## TASK TO CARRY OUT:
All the lines below should be set down exactly, with no picture carried into the copy.

## RAW DATA:
+ + +

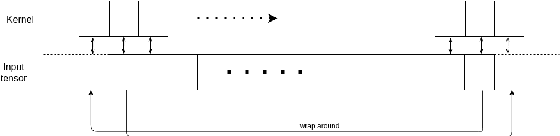 Figure 1 for ContourCNN: convolutional neural network for contour data classification
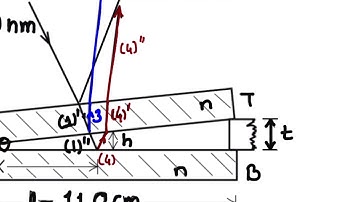 Two Glass Plates Separated By a Foil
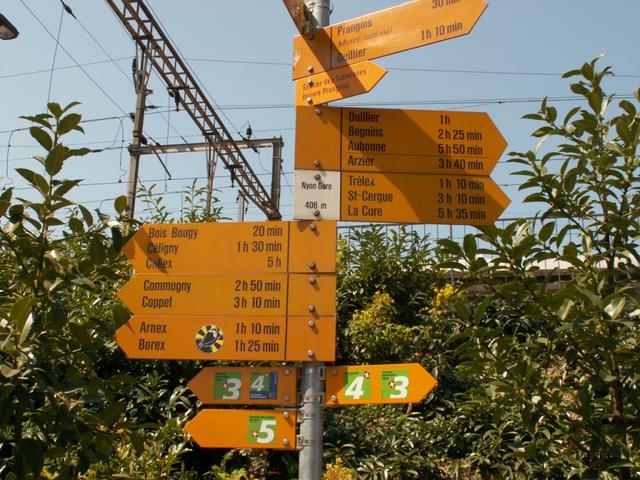 Wegweiser beim Bahnhof von Nyon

+ + +

## WRITTEN SOLUTION:
 Figure 1 for ContourCNN: convolutional neural network for contour data classification
 Two Glass Plates Separated By a Foil
 Wegweiser beim Bahnhof von Nyon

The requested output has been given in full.